Maltraitée, privée de nourriture et de salaire : la fuite d’une domestique à Oman
Se jetant dans les vagues sur la plage de Muscat, le visage illuminé, elle arbore un sourire radieux. À 19 ans, Fatia, une domestique originaire d’Éthiopie, n’a jamais vu ni apprécié l’océan.
Ce jour heureux est l’aboutissement d’un long et difficile voyage. Fatia est venue ici à 17 ans, il y a deux ans, avec l’espoir de gagner sa vie dans le Golfe.
« Mon village n’a pas d’électricité. Je voulais travailler afin d’avoir de l’argent pour retourner à l’école et finir mes études. Je voulais sauver ma famille. J’avais vu mes sœurs souffrir dans la pauvreté », a-t-elle raconté.

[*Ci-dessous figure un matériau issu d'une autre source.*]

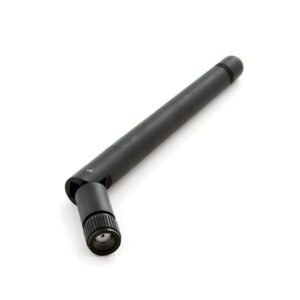 Buy 2.4GHz Duck Antenna RP-SMA in bd with the best quality and the best price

« Je voulais venir au Moyen-Orient, mais je ne le pouvais pas. L’agence éthiopienne m’a dit que je devais donner un autre âge sur le formulaire de demande. J’ai donc payé pour changer mon acte de naissance.
« Près de chez moi, à Sirri, il y a un bureau gouvernemental où l’on peut payer une petite somme d’argent pour qu’ils mettent tout ce que l’on souhaite sur le formulaire. Je leur ai dit que je voulais un papier indiquant que j’avais 24 ans. »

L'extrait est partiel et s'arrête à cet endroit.